I received a call from a homeowner asking for an estimate on the replacement of concrete tiles. The customer explained that the tiles had been damaged from a tree falling on the roof. Then, I immediately made an appointment for the following day squeezing her into my schedule.
The next morning, I showed up and listened to the customers tell me about the tree that had fallen on to their home. Afterwards, I instructed the homeowners that I would retrieve my ladder to "crawl around on the roof." I say, "Crawl" because that is almost exactly how you must navigate when climbing a concrete tile roof. The tiles can often crack and break with someone that has no experience in walking or "Crawling" this type of roofing material.
Once I climbed around the roof, I had notice other cracks in the tiles that had most likely been from the builder. Considering that the roof appeared like it had previously been attempted to caulk the tiles on this newly built home. Another reason for homeowners to question their roofing consultant about his knowledge about the roofing product he is offering. A lot of times you can really tell the honesty of a contractor by questioning his knowledge about the pertaining subject. While I was on the roof, I took pictures and documented all the damage in my report for a proposal to repair the MonierLIFE tiles.
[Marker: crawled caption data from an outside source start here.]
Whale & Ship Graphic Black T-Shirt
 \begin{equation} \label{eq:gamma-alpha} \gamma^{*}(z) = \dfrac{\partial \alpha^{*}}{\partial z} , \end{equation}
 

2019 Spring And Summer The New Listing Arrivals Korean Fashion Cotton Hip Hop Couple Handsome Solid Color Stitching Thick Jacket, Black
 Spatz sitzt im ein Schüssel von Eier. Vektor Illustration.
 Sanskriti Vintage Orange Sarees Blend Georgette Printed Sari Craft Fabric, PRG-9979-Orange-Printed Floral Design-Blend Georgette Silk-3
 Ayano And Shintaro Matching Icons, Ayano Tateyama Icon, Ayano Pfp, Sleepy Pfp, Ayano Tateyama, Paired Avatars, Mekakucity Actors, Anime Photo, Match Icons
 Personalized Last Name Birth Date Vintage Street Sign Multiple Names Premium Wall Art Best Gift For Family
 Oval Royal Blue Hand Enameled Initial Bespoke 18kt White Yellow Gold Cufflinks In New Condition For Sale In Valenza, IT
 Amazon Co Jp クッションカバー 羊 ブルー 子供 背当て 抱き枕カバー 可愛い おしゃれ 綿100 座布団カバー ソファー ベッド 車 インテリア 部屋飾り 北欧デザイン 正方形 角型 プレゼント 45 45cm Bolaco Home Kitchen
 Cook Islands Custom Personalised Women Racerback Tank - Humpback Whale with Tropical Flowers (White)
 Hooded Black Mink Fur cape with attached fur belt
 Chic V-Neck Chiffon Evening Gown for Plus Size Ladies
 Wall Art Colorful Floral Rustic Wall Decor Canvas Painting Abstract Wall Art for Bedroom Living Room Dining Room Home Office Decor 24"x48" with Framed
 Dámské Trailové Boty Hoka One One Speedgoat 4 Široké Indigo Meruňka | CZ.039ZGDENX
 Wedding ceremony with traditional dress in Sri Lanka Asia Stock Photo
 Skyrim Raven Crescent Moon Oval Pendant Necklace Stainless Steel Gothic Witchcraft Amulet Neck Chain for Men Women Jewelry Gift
While "Crawling the roof," I also found that an organic/asphalt fiberglass felt paper had been placed underneath the MonierLife Tiles. Although, many people in the industry practice this type of installation. I disagree with the placement of anything less than a fully synthetic roofing underlayment or a self adhesive heat and weather resistant underlayment. This only one of the many practices in the roofing industry that I don't agree on as far as tile roofing installation.